I. …, II. …, Dans ces conditions il faut faire appel à l’art…
Déplacer et renouveler le problème posé en mobilisant dans la troisième partie une argumentation d’ordre esthétique constitue pour certains candidats un plan « infaillible ». Mais un tel expédient vous conduit au mieux à des platitudes qui ne démontrent rien, au pire à l’impasse. Bref, le flou, même artistique n’a pas sa place dans une dissertation. Un développement qui emprunte son propos à l’art n’est valable que s’il est appelé – motivé – par le sujet et sa problématique.
La dissertation ou les paragraphes préparés d’avance que l’on s’efforce de recycler
Bien des préparations à l’épreuve de la dissertation consiste à faire apprendre un ou des développements pour les restituer le jour J. Faire un plan n’est alors qu’une opération de recyclage. Outre que l’on ne peut prétendre disserter sans réfléchir, cette façon de faire est parfaitement dégradante, puisqu’elle revient à traiter la connaissance comme un déchet.
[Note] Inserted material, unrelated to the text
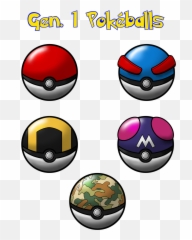 All Pokeballs Gen 1 - Original Gen 1 Pokeballs Png,Pokeballs Png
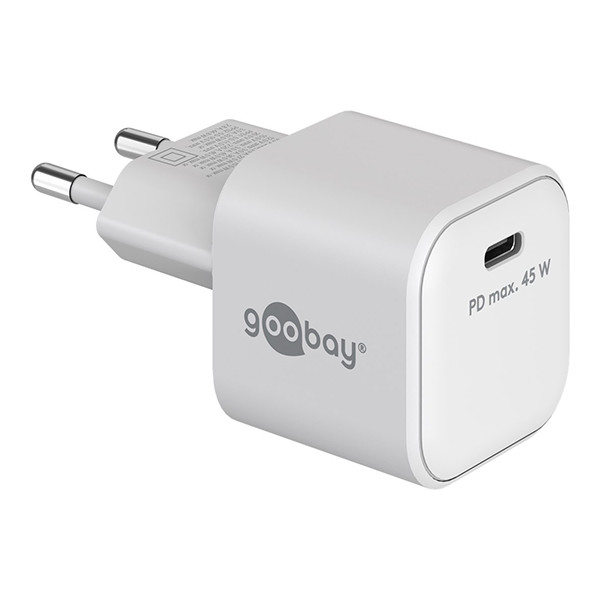 USB-C snellader | 1 poort | 45W | GaN | Power Delivery | Wit LDR03627 - 1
Car, n’est-ce pas, ce sont les déchets qui doivent être recyclés ! En admettant que vous vous révéliez un habile recycleur… ce procédé ne vous met pas en mesure de réussir les oraux de CSH d’HEC.
Méthode !
Méthode et non recette : une méthode est un savoir réfléchir, une recette est un savoir-faire automatiquement. C’est pourquoi il est attendu d’un professeur qu’il montre comment réfléchir, que son propos soit un « discours de la méthode » autrement dit l’exposé du cheminement qu’il convient de suivre pour s’approprier un sujet et donner forme à sa pensée. Un tel cheminement est toujours à venir, toujours à créer, à faire et à refaire. Aussi tout enseignement fournissant des ready made : plan type, dissertations toutes faites, paragraphes pré-rédigés et autres matériaux prêts à l’emploi est-il un leurre – un sophisme qui réduit la dissertation à un objet de consommation, voire, comme nous l’avons dit, à un déchet.
Cette option est séduisante – et telle est bien la fonction du leurre – car la dissertation relève toujours de la contrainte du plan en trois parties. Mais une structure n’est pas un contenu. L’étudiant dont la préparation a reposé sur cette confusion arrive au concours inquiet : le sujet qu’il a préparé n’a peut-être rien à voir avec celui qui va tomber. Celui qui s’est entraîné à cheminer a appris à avoir confiance en lui et il est impatient de faire ses preuves, de témoigner de sa maîtrise, d’exprimer et d’organiser sa propre pensée devant l’inattendu. Non seulement, sous la conduite de son professeur, il a acquis les connaissances suffisantes pour affronter n’importe quel sujet, mais encore il a appris à les intégrer au déploiement d’une pensée propre. La dissertation en trois temps/parties ne peut être réussie qu’à cette condition : être portée par un je pense.